Orgulhoso, meu pai dizia que solo assim só no Sul, em São Paulo, no Mato Grosso e no Triângulo Mineiro. Seu interesse maior estava neste último território; ele enchia a boca para falar “Triângulo”, que um dia seria um Estado do Brasil – ele nos garantia. Não era o caso da minha mãe. Sua geografia restringia-se à sala de estar e à cozinha, principalmente no fim da tarde, quando entrávamos cansados, barulhentos e displicentes casa adentro. Era um deus-nos-acuda: “Menino, cuidado com o chão limpo!”; “menino, tira a botina antes de entrar na sala!”. Os avisos vinham tarde demais, os passinhos miúdos de barro marcavam todo o trajeto até o banheiro. As roupas espalhadas e as pegadas marcando o chão encerado indicavam o caminho para o banho. Coitada da minha mãe: tarefa inglória!

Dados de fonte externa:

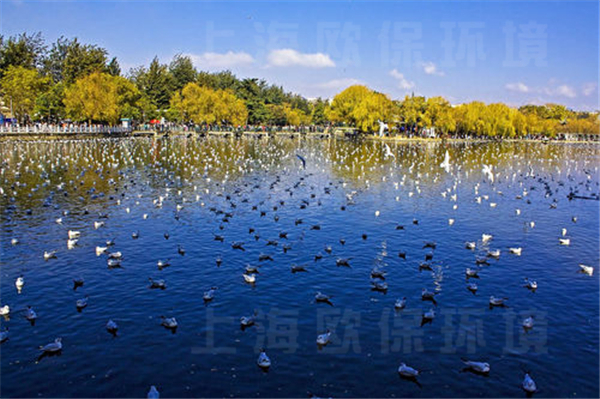 昆明翠湖公園，人工湖治理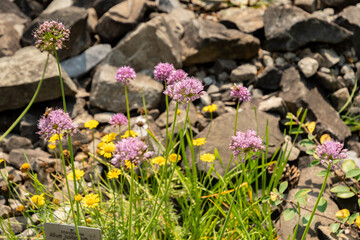 Allium Lusitanicum plant in Zurich in Switzerland 6.8.2025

Quando tinha uma oportunidade, meu pai falava sobre o solo que tanta preocupação dava à minha mãe e abalavam suas concepções de limpeza. Meu pai, preocupado com economia e a história, dizia que boa parte da riqueza do país vinha das lavouras de café plantadas em terra roxa. No rastro do café, vieram as ferrovias, as cidades e os produtos importados. Após o banho e a janta, meu avô nos confidenciava que seu maior desejo era conhecer Londrina, ícone da cultura do café no seu tempo. Prometia que iria nos levar até Foz do Iguaçu, talvez à Argentina e ao Paraguai, mas passaríamos também por Maringá. Em seguida, discorria sobre a riqueza e o progresso da região.

Um tempo atrás, não sei mais quando, aquela “sujeira danada”, que tanto trabalho deu à minha mãe, deixou de fazer sentido. Hoje, o vento carrega uma poeira fina provocando verdadeiras chuvas de terra. A magia e os ensinamentos foram pasteurizados em demasia, assim como o barro vermelho que grudava em nossos pés sonhadores.